> **WORK ITEM**
Below are entries. Give back exactly the lines from the one containing "Prada Green Patent Leather Flat Slides Size" through the one containing "LULULEMON Sherpa cozy black pullover", inclusive, without the pictures.

> **EXERCISE DATA**
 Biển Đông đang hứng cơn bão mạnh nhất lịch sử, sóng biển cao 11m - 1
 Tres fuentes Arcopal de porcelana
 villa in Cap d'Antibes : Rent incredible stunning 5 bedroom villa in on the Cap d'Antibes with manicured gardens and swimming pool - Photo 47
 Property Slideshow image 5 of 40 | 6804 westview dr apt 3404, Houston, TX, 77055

--

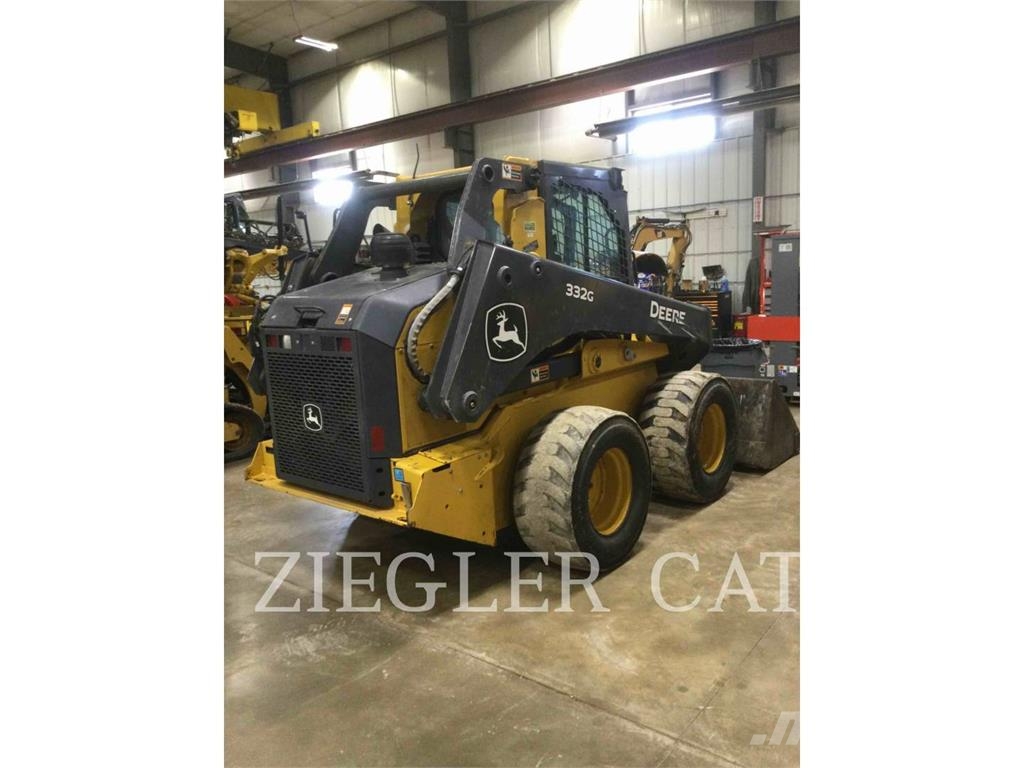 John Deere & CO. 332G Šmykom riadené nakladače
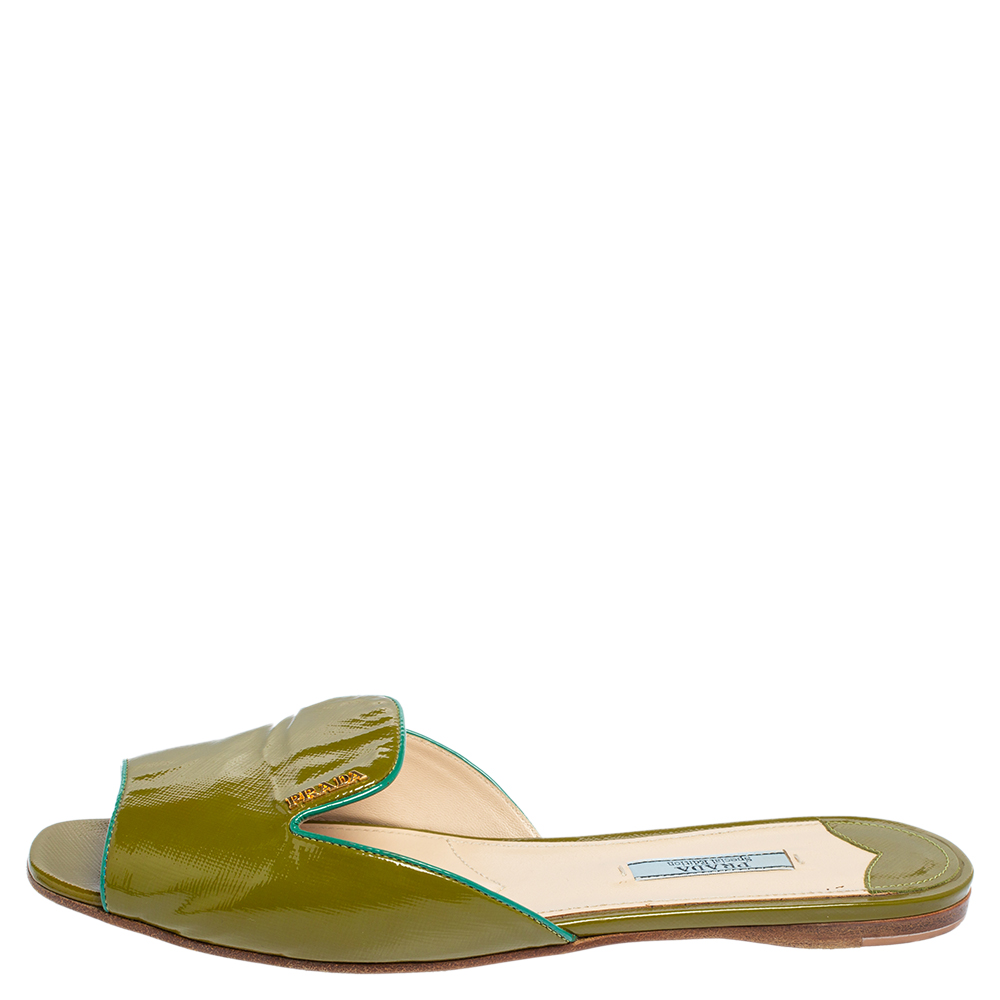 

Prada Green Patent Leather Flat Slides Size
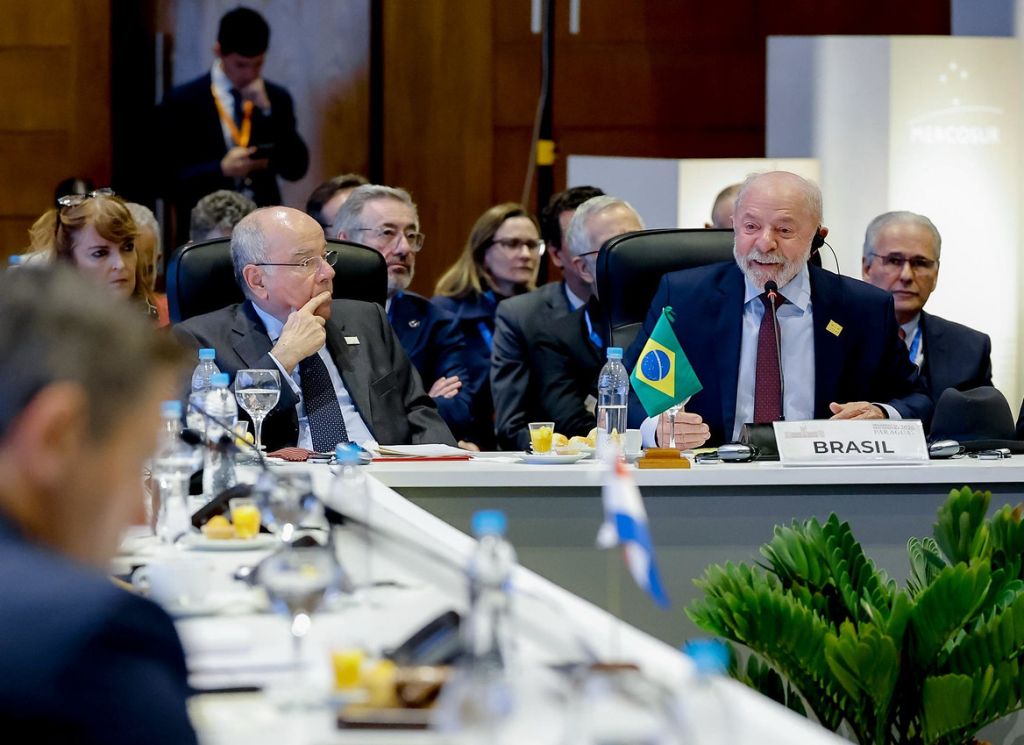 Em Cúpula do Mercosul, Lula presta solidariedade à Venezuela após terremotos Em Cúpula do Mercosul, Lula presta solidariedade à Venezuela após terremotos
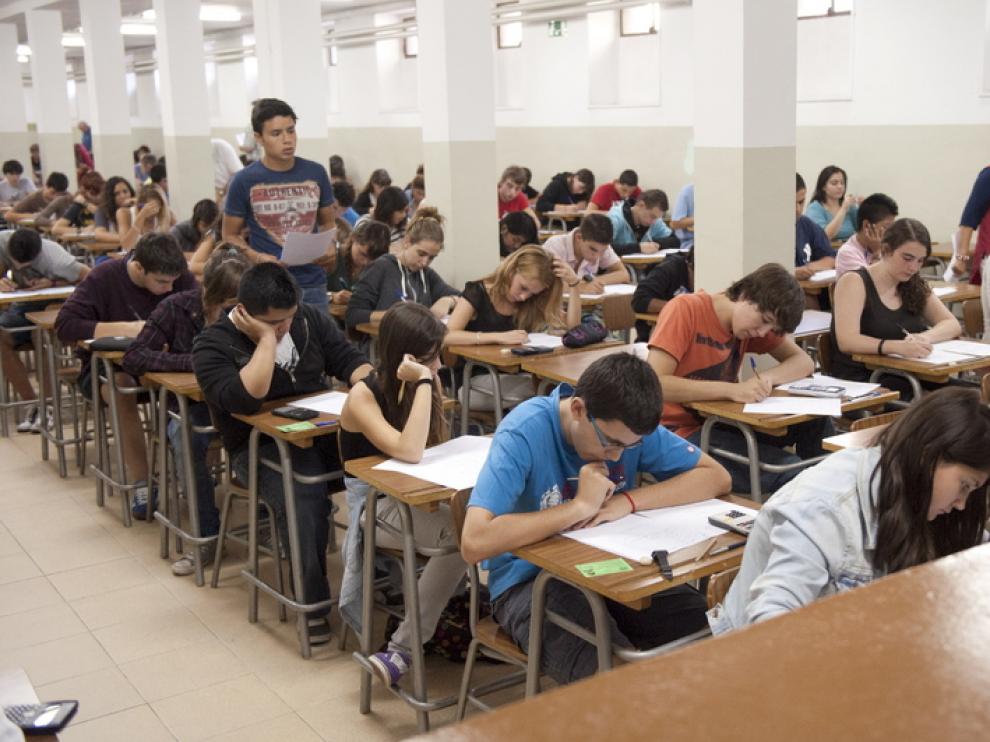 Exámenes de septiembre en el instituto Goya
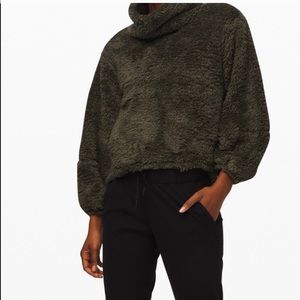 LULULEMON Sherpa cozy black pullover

> **OUTPUT FOR THIS EXERCISE**
Prada Green Patent Leather Flat Slides Size
 Em Cúpula do Mercosul, Lula presta solidariedade à Venezuela após terremotos Em Cúpula do Mercosul, Lula presta solidariedade à Venezuela após terremotos
 Exámenes de septiembre en el instituto Goya
 LULULEMON Sherpa cozy black pullover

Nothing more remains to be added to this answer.